Directions for this task — Please return all records verbatim, no pictures.

Working data —
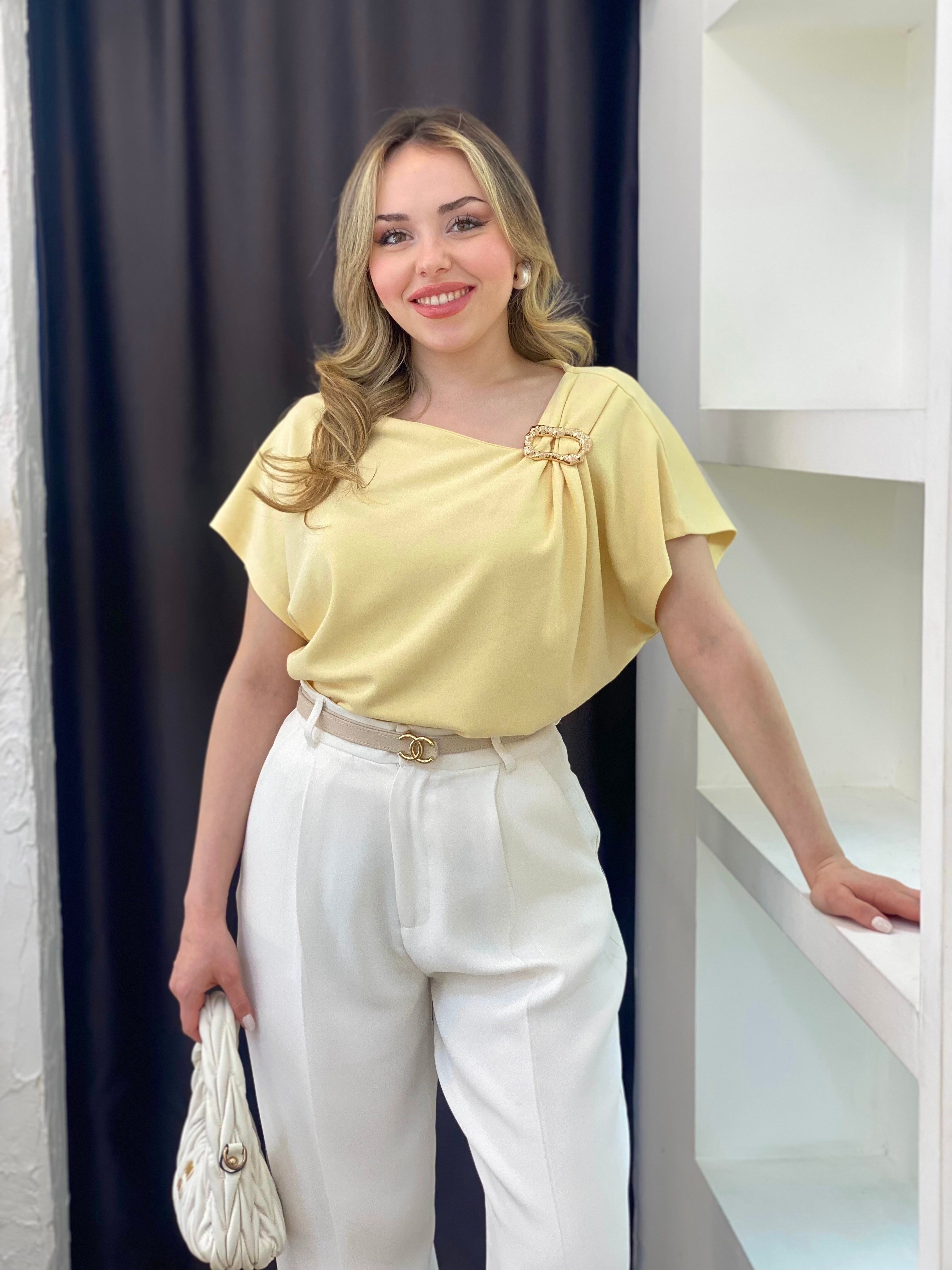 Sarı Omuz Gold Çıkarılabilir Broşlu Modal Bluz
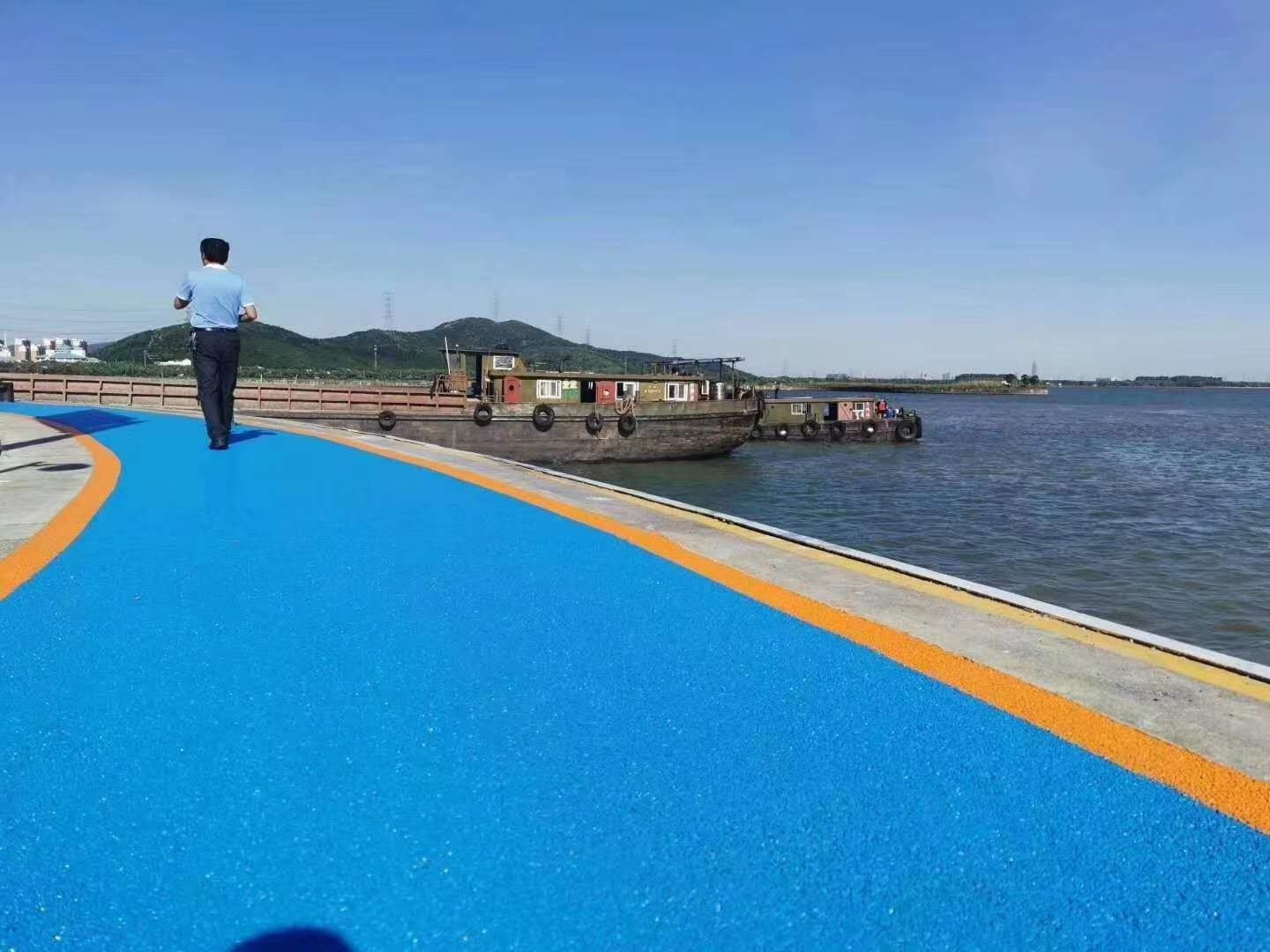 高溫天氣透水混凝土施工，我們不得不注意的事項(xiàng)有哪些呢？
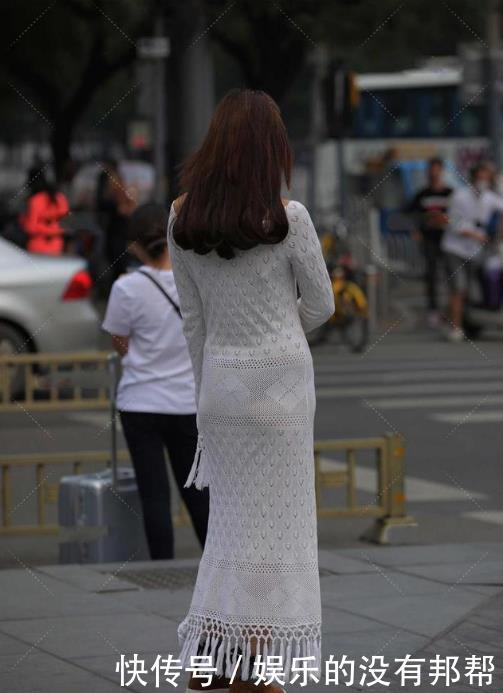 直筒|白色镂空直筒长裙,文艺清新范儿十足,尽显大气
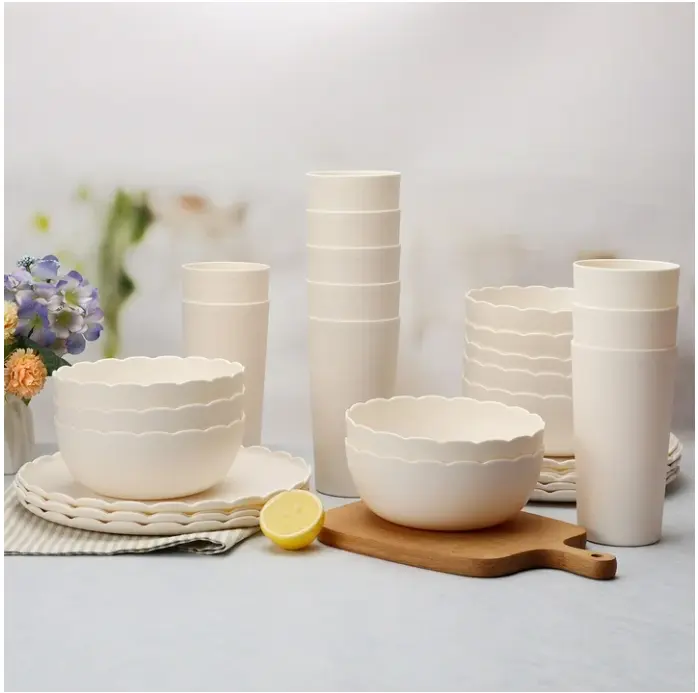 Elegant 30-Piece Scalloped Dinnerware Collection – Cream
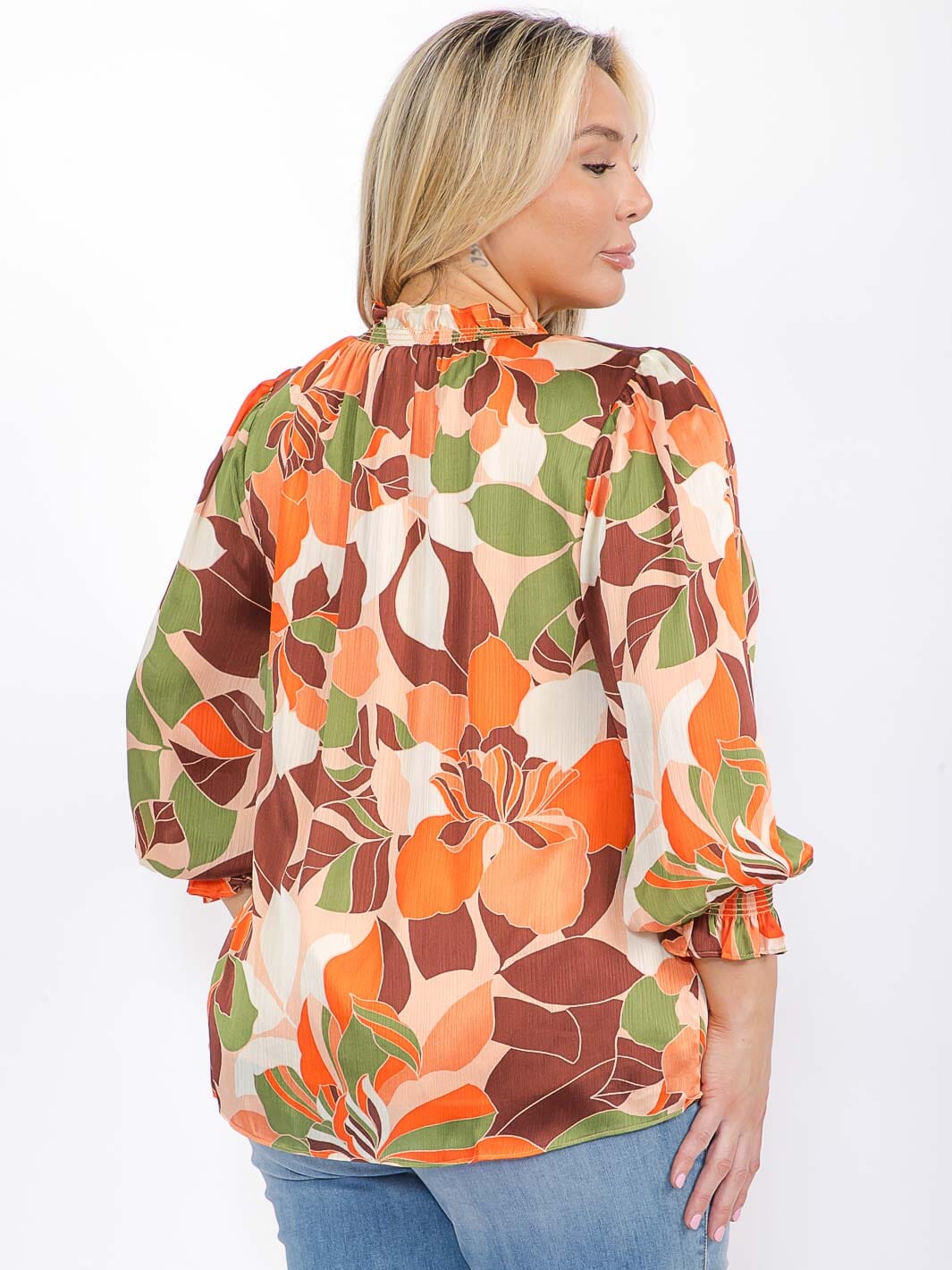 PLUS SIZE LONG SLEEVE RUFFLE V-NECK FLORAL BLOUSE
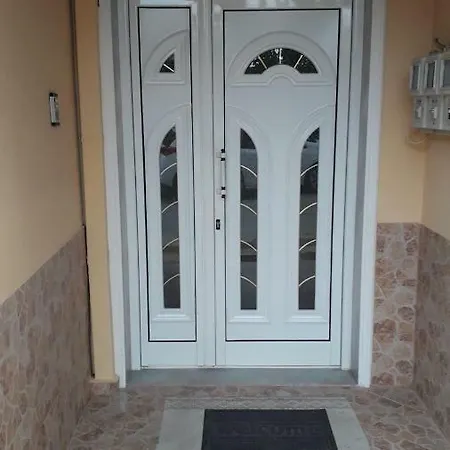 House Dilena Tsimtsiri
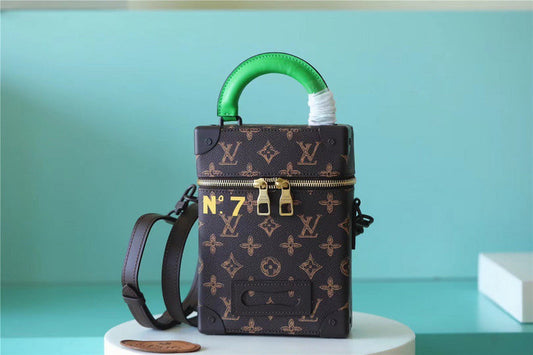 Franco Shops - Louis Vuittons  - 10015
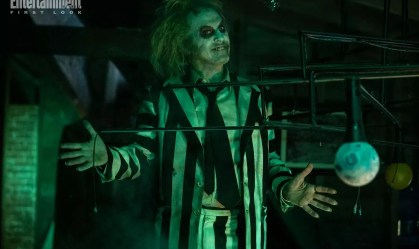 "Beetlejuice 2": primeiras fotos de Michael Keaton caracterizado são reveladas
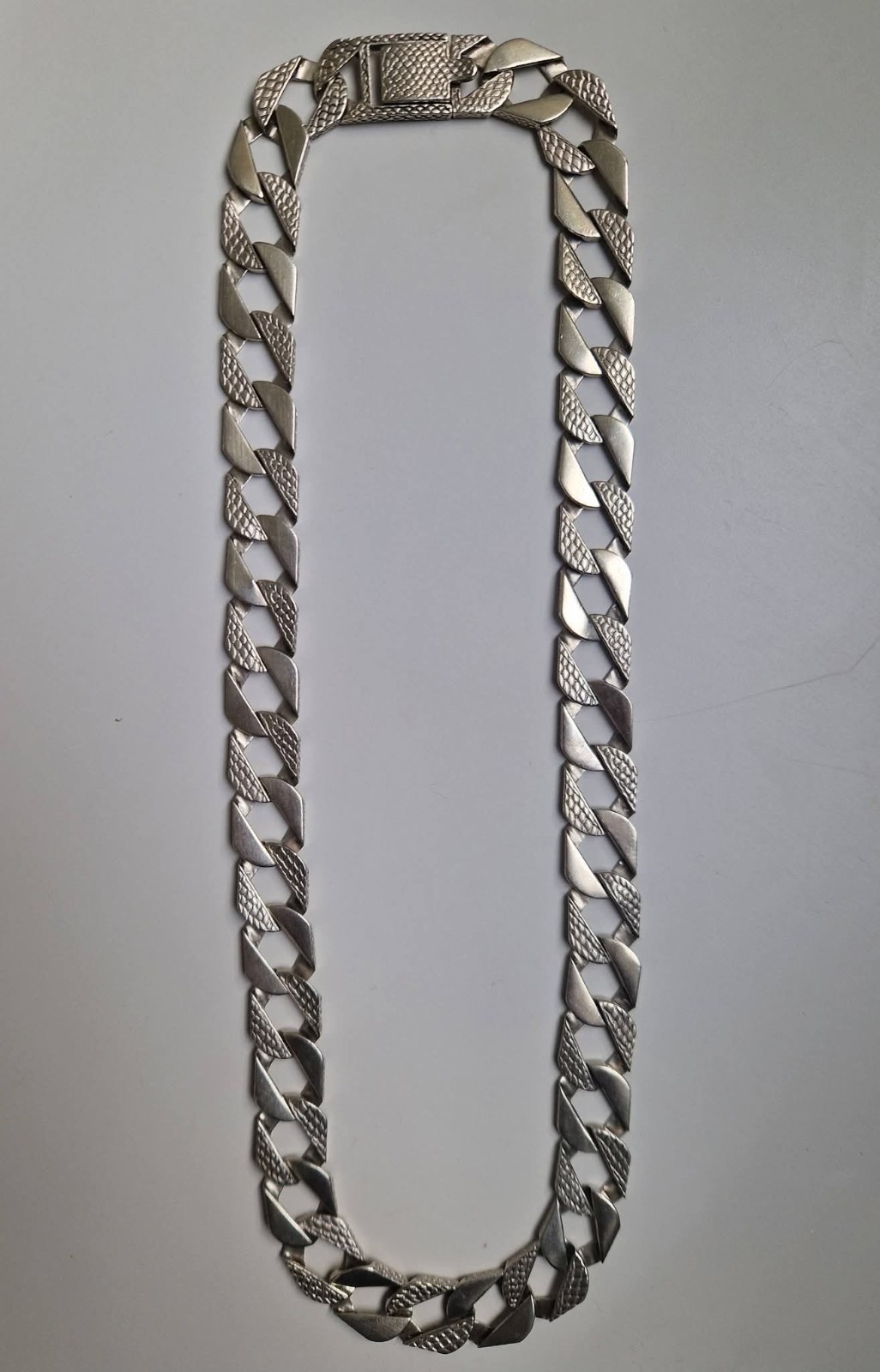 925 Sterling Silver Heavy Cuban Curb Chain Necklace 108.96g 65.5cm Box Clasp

Expected answer —
 Sarı Omuz Gold Çıkarılabilir Broşlu Modal Bluz
 高溫天氣透水混凝土施工，我們不得不注意的事項(xiàng)有哪些呢？
 直筒|白色镂空直筒长裙,文艺清新范儿十足,尽显大气
 Elegant 30-Piece Scalloped Dinnerware Collection – Cream
 PLUS SIZE LONG SLEEVE RUFFLE V-NECK FLORAL BLOUSE
 House Dilena Tsimtsiri
 Franco Shops - Louis Vuittons  - 10015
 "Beetlejuice 2": primeiras fotos de Michael Keaton caracterizado são reveladas
 925 Sterling Silver Heavy Cuban Curb Chain Necklace 108.96g 65.5cm Box Clasp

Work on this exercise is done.